Holthouse seemed to grasp that this is where his Lemonade Day dream carries the possibility of making true life and death differences.
"This is a part of Houston that a lot of people won't even drive through," Holthouse told the reps packed shoulder-to-shoulder in the limo bus. "It's an area that the tourists never see."
When the limo bus doors opened, kids playing steel drums provided welcoming music and the whole street seemed to be in on the party. A lot of the kids didn't have their own parents with them. Instead, they were in on Lemonade Day — making their own stands, coming up with a recipe for the drink and setting a price point — through the help of community teachers like Diane Weatherspoon.
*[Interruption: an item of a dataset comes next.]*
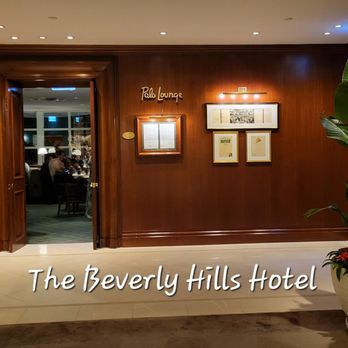 Polo Lounge - Lobby of the Polo Lounge - New American Near Me - Beverly Hills, California Polo Lounge - Lobby of the Polo Lounge - New American Near Me - Beverly Hills, California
"Lemonade Day means more here because there's a lot less here," Weatherspoon said as she helped the elementary school-aged kids in her charge collect money for their homemade cups, money they could put in their pockets as their first earnings. "It means something to these kids just to see people coming out here to support something they're doing. They don't get that a lot."
Bobblehead by Jesus
The Art Car Parade doesn't want to change the world — unless it's making sure that the world, and Houston in particular, maintains its sense of humor, its belief in the value of quirkiness. It's more than just a bunch of adults like the PhD singing fish crew blowing off some steam by obsessing over making a car fantastically silly though.
It's more than the crowd having fun as the cars come by in a steady stream of surprises, more than the guy who thought it'd be a good idea to put a Porta-Potty on wheels, sit on the toilet in it, with the door open and his jeans around his ankles and call it The Crapper Car, more than the large group of Australians that come in for this parade every year. It's even more than the spontaneous moments of fun, like when a few people in the crowd decided that one of the roller-skating support people looked a lot like former major league pitcher David Wells and started screaming out "Boomer" at the startled fellow.
(For the record, the real David Wells is not up at 1 p.m. on any Saturday in retirement, he wasn't up at 1 p.m. on many Saturdays that had afternoon games he was supposed to start).
The Art Car Parade becomes more when you see it through the eyes of kids.
Whether it's one of the few lucky kids who actually rode in the parade like Mia Mitoff in the copper dragon car named Amblin or just a kid who gawked wide-eyed at the art cars anytime this weekend, it doesn't really matter.
My kids happened to love the anti-religion car, the one bearing stickers like "Flatter Jesus or he'll torture you in hell" and "Religion is the Opiate of the masses." They didn't understand a word on it. They just thought the Jesus bobbleheads were ultra cool (though, they did think one of the Jesus bobblehead's was actually a Phoenix Suns Steve Nash bobblehead, from Nash's really long-haired days — that's the perils of having a former sportswriter for a dad).
I didn't see a kid that didn't love the school bus with hundreds of toys attached to it (from Matchbox cars to SpongeBob figures).
If you watch the Art Car Parade this way though, it suddenly doesn't seem like just a bunch of adults with an awful lot of time on their hands amusing each other. It becomes something bigger.
"Houston isn't always that kid friendly," parade-watching dad Jeff Sloan said. "There are a lot of people in Houston who don't like seeing kids. The Art Car's a nice switch."
It turns out that both the Art Car people and the Lemonade Day king found that staying on mission means remembering not to forget the people who are easy to look right over.